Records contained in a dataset
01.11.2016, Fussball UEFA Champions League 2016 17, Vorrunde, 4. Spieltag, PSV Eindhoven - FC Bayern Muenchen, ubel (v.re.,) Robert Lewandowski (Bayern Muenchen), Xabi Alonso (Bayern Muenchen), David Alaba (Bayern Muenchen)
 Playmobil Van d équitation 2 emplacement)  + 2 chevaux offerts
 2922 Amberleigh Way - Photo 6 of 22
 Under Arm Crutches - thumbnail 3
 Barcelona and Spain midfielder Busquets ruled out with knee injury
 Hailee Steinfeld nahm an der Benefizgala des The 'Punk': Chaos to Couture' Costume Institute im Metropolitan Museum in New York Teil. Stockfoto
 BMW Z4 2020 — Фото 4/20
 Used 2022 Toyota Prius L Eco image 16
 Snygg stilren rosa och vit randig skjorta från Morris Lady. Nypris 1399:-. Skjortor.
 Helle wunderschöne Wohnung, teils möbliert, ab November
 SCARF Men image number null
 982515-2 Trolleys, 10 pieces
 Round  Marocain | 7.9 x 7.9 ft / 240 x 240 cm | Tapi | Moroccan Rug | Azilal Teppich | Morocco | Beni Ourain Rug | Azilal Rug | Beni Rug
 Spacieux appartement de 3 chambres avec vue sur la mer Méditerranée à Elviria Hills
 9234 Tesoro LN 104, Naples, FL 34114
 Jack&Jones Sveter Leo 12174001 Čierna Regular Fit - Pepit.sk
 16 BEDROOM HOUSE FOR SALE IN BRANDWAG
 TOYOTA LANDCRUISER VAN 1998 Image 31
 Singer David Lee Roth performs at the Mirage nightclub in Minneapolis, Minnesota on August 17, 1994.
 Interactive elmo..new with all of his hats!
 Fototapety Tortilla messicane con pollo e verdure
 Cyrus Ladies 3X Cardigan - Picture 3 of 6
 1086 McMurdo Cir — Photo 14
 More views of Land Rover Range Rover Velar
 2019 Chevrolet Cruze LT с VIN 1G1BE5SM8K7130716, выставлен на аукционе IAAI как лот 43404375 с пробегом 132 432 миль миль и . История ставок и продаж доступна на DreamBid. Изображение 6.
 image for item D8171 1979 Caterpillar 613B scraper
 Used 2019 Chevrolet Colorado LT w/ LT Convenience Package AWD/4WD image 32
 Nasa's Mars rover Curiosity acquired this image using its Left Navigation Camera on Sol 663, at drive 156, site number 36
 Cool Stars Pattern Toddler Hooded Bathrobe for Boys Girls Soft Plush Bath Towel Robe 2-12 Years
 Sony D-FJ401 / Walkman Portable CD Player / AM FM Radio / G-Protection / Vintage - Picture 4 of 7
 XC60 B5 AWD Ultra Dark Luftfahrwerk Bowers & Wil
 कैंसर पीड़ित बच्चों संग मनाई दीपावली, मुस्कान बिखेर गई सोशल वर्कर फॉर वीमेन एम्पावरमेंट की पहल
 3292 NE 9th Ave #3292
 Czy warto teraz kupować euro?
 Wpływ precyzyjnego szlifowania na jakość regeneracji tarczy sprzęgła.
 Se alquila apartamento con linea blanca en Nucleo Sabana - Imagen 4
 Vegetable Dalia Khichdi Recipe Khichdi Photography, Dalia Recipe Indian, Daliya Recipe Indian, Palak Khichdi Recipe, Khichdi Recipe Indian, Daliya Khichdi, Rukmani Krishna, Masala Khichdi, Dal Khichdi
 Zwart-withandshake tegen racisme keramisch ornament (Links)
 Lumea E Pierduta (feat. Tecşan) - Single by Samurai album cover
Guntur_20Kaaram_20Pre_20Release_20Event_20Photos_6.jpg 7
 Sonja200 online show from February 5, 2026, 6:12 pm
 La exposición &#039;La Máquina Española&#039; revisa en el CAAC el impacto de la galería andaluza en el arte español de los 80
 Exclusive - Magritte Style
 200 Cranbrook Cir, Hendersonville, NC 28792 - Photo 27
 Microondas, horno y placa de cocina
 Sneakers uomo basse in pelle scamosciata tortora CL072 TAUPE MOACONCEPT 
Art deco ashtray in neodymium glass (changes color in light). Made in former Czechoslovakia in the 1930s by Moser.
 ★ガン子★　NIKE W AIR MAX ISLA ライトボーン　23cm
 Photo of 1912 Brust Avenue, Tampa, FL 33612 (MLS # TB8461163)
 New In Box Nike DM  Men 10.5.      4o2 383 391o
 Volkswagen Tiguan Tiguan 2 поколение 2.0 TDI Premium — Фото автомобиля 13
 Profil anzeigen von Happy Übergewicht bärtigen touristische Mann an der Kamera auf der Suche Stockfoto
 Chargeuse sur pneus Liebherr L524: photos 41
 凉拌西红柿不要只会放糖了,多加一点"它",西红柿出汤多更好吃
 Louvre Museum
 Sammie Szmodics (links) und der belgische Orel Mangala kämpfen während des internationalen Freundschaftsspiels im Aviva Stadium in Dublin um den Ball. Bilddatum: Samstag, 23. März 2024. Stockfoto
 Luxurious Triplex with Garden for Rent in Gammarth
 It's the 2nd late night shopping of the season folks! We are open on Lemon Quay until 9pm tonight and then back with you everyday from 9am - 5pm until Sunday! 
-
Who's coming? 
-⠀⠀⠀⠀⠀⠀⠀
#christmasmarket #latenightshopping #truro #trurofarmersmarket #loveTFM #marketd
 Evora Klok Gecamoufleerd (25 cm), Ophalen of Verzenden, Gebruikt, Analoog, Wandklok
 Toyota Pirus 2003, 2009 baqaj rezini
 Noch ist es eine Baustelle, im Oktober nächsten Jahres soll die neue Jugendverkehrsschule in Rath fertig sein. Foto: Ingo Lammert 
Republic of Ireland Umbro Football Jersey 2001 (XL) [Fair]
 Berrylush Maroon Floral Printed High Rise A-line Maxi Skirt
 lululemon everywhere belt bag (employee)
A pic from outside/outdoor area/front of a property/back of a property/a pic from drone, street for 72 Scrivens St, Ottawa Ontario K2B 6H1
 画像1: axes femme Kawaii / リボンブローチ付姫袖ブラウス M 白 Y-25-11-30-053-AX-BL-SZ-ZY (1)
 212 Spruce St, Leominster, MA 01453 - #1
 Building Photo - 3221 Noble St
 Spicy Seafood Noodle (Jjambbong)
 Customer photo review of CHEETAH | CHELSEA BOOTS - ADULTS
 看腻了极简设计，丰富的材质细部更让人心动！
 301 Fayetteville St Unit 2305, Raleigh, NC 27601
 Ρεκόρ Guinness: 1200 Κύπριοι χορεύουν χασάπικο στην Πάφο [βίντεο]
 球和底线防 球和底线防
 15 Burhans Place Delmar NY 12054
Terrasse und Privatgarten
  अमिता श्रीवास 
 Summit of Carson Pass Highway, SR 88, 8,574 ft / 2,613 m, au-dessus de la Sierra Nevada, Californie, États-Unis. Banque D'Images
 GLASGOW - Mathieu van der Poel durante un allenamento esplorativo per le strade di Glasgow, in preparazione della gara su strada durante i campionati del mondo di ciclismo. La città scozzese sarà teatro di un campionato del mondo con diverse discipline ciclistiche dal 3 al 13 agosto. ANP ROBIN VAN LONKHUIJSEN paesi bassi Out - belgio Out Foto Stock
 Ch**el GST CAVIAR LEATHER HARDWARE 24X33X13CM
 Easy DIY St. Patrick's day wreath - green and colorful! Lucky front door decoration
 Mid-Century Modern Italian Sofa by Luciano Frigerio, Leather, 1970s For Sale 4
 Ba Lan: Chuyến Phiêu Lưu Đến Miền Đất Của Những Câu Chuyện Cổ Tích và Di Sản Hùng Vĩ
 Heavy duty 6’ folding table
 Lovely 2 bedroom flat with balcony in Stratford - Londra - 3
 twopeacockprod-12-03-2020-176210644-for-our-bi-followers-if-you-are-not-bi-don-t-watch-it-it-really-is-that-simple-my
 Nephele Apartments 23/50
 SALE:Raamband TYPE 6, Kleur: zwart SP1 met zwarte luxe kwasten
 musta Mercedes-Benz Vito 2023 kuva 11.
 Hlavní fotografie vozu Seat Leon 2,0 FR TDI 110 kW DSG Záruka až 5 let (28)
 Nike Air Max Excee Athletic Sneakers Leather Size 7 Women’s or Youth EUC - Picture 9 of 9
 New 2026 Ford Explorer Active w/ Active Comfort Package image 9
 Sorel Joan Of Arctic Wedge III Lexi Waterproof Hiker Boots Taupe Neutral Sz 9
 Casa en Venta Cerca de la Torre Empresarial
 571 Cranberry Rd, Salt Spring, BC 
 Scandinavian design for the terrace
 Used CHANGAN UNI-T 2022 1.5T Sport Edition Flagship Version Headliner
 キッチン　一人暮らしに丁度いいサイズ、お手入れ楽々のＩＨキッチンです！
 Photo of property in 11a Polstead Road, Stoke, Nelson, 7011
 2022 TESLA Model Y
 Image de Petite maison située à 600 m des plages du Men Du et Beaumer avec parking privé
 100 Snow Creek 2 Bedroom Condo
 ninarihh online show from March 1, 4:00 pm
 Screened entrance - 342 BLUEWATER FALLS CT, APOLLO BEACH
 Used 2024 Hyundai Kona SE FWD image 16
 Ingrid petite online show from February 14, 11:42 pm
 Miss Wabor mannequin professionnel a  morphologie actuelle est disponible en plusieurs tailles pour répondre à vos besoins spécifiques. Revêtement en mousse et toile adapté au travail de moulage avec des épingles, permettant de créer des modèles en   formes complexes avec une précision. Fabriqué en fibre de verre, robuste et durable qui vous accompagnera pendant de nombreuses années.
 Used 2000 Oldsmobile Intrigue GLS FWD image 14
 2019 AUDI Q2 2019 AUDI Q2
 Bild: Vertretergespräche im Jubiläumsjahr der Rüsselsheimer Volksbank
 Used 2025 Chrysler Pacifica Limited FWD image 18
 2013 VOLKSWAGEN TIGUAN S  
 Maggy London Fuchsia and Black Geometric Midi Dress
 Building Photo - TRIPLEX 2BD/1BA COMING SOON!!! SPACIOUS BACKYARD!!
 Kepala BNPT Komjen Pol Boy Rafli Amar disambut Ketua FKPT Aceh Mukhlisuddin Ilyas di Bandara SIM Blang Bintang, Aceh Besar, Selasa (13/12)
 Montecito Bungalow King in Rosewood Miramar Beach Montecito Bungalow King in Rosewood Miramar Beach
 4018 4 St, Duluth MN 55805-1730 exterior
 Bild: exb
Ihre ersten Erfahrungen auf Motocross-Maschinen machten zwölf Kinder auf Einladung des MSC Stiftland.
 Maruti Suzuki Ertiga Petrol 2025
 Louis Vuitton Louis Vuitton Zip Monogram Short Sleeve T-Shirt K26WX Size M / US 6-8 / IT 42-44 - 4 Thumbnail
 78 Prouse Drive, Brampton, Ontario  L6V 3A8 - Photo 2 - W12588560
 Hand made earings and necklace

REQUIRED ACTION
Can you write out the lines above, from the first one through the one containing "Playmobil Van d", exactly as they appear and nothing more?

COMPLETED TASK
01.11.2016, Fussball UEFA Champions League 2016 17, Vorrunde, 4. Spieltag, PSV Eindhoven - FC Bayern Muenchen, ubel (v.re.,) Robert Lewandowski (Bayern Muenchen), Xabi Alonso (Bayern Muenchen), David Alaba (Bayern Muenchen)
 Playmobil Van d équitation 2 emplacement)  + 2 chevaux offerts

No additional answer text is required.